Ethics: responsibility, explainability, bias and privacy
Introduction
When contemplating on a computational solution to a problem,
one must pause and reflect upon both the obvious and the
less obvious impacts the proposal may have in the society,
the economy, and the environment, whether immediately or
after a significant delay. Aspects to focus on include
responsible use of technology (fairness, benefit, risk) as
well as explainability (the reasoning behind the decisions),
possible presence of bias in data sets or assumptions or the
ways in which design decisions are taken, as well as
possible breaches to the privacy of individuals (either in
the building or the employment of the proposed solution).
There is no new assessment in this module.

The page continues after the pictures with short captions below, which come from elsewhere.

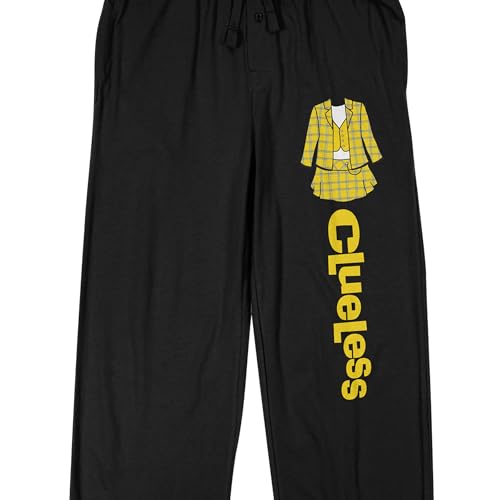 Bioworld Clueless Outfit Logo Men's Black Sleep Pajama Pants2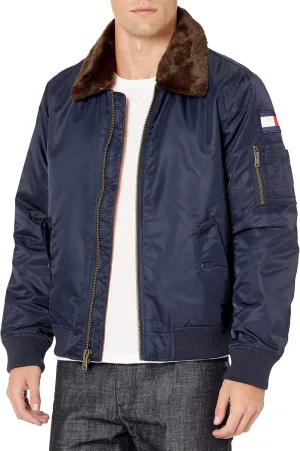 Tommy Hilfiger Men's Tommy Hilfiger Men's Laydown Removable Pile Collar Officer Jacket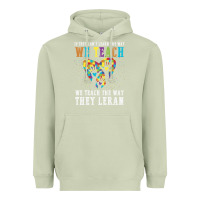 Matcha Autism Awareness Teacher Heavyweight Hoodie - CowhideDigitalArt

The tools, techniques and concepts of this module contribute
to successful completion of upcoming assessments and can
also be leveraged in previous assessments that have not yet
been turned in.
Learning outcomes
This module will help you do the following:
- Discuss ethical concerns arising from proposed research
or the use of its results
- Identify ways in which technology can be developed and
used responsibly
- Identify potential sources of bias and plan how to
counter them
- Analyze possible implications to the privacy of
individuals arising from proposed research or the use of its
results
Readings
- Qinghua Lu, Jon Whittle, Xiwei Xu, Liming Zhu: Responsible AI: Best Practices for Creating Trustworthy AI Systems, 2023.
https://mcgill.on.worldcat.org/oclc/1412007594 (optional, eBook)
- Joseph Migga Kizza: Ethics in computing : a concise module, 2016.
https://mcgill.on.worldcat.org/oclc/949923519 (optional, eBook)
- Avinash Manure , Shaleen Bengani , Saravanan S: Introduction to Responsible AI, 2023.
https://mcgill.on.worldcat.org/oclc/1410562127 (optional, eBook)
Tools
Ethics in research involves various principles such as
responsibility, explainability, bias, and privacy. Several
tools can aid researchers in upholding ethical standards in
these areas:
- Data Management Plans (DMPs): DMPs
outline how research data will be collected, stored,
shared, and preserved. This ensures responsible data
handling and future access for verification.
- Peer Review: The traditional method
of having colleagues scrutinize research proposals and
publications helps identify flaws and ensures research
quality and ethical considerations.
- Randomization: Randomly assigning
participants to groups helps control for pre-existing
differences and ensures a fair comparison between
groups.
- Informed Consent: Participants must
be fully informed about the research, its potential risks
and benefits, and their right to withdraw before agreeing
to take part. Consent forms should be clear and easy to
understand.
- De-identification: Removing personal
identifiers from data helps protect participant privacy
while allowing for valuable research to be conducted.